#### [BRIEF]
Using the entries below, restate word for word only the lines from the one with "White Evening Dress" to the final line, leaving the pictures out.

Excerpts from a dataset
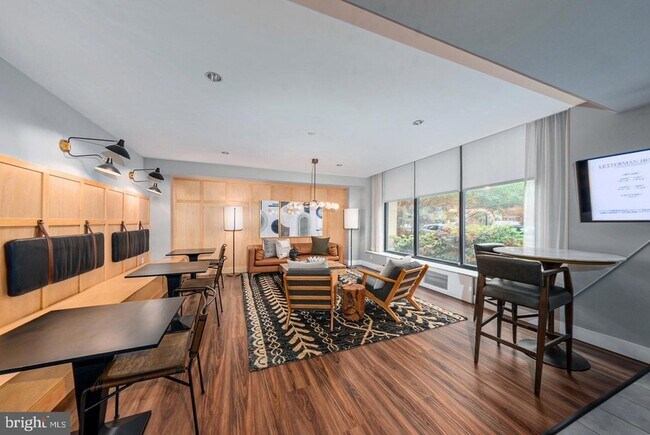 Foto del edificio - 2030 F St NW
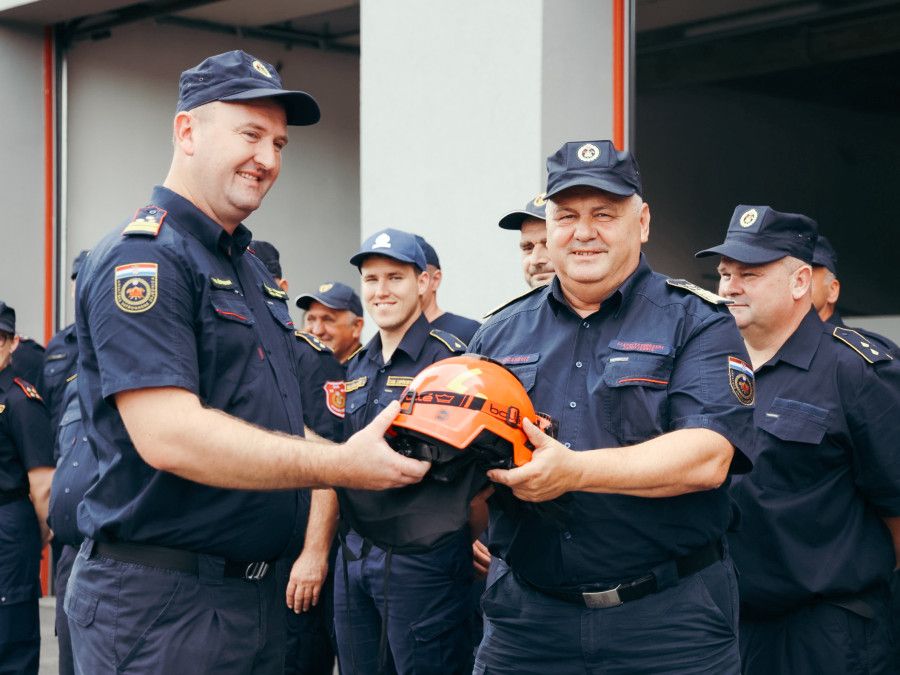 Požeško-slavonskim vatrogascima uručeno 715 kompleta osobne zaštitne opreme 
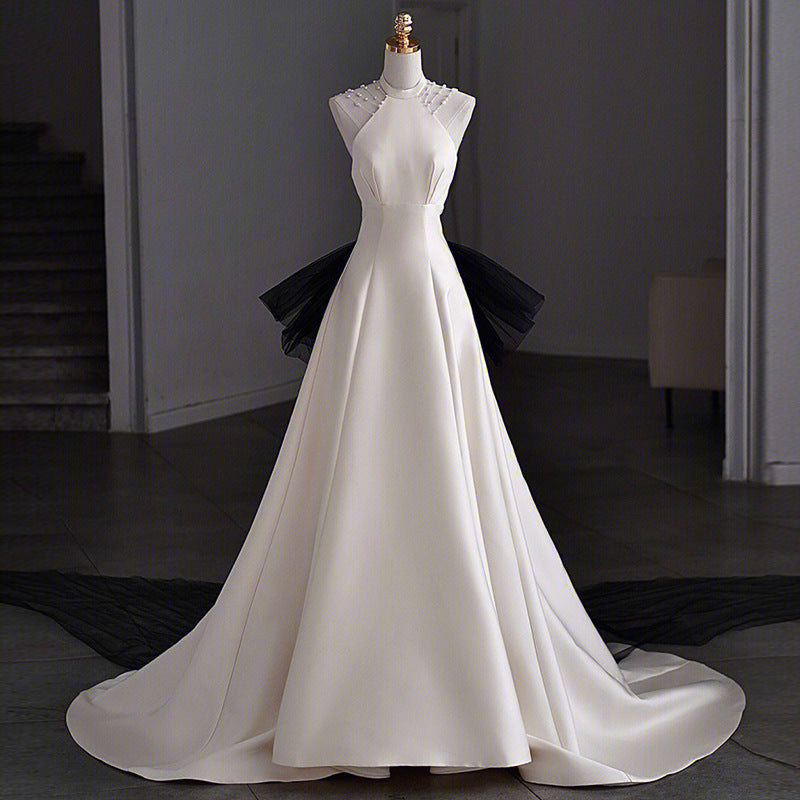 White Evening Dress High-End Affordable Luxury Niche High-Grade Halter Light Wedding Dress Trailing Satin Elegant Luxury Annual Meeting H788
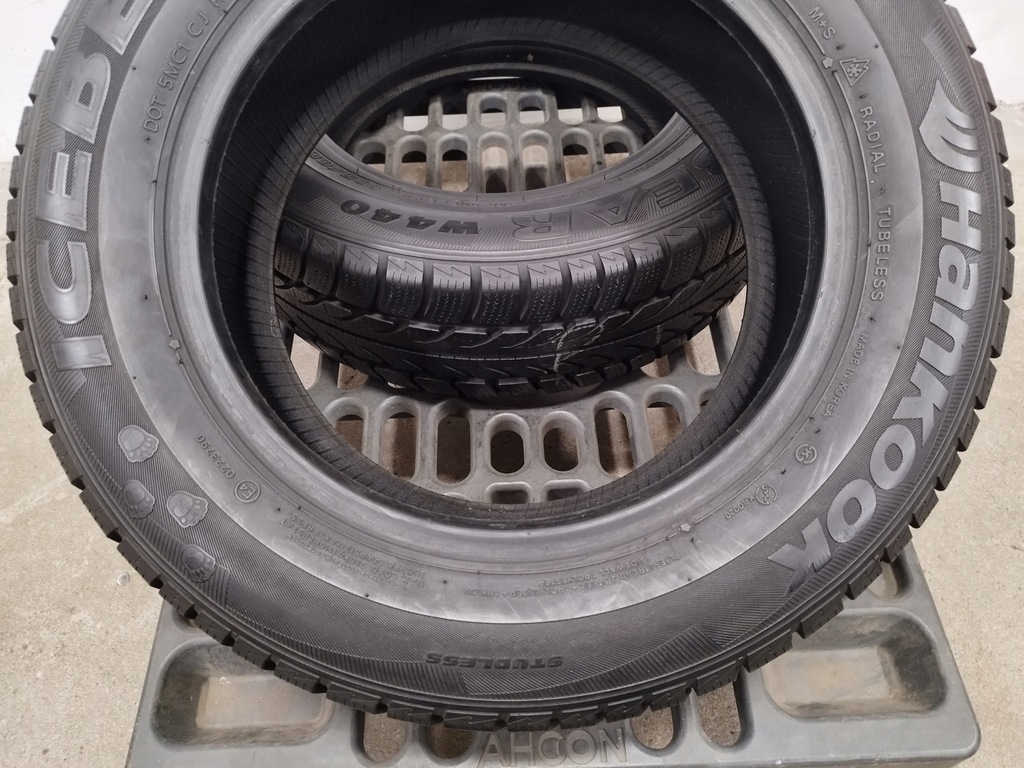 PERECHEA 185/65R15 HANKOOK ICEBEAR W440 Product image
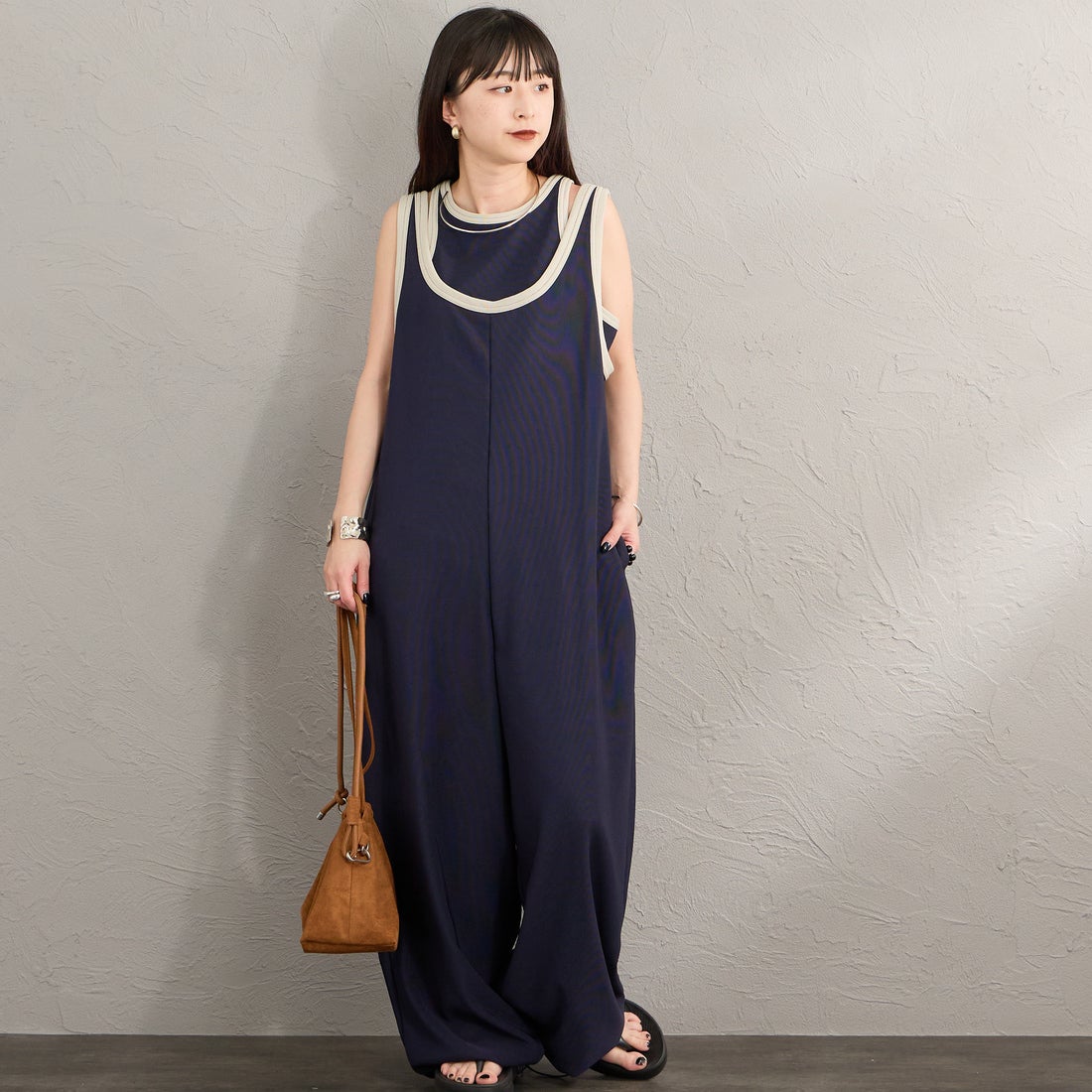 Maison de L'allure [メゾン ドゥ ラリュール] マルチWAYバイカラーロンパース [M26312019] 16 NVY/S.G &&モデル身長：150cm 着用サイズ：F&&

#### [WORKED SOLUTION]
 White Evening Dress High-End Affordable Luxury Niche High-Grade Halter Light Wedding Dress Trailing Satin Elegant Luxury Annual Meeting H788
 PERECHEA 185/65R15 HANKOOK ICEBEAR W440 Product image
 Maison de L'allure [メゾン ドゥ ラリュール] マルチWAYバイカラーロンパース [M26312019] 16 NVY/S.G &&モデル身長：150cm 着用サイズ：F&&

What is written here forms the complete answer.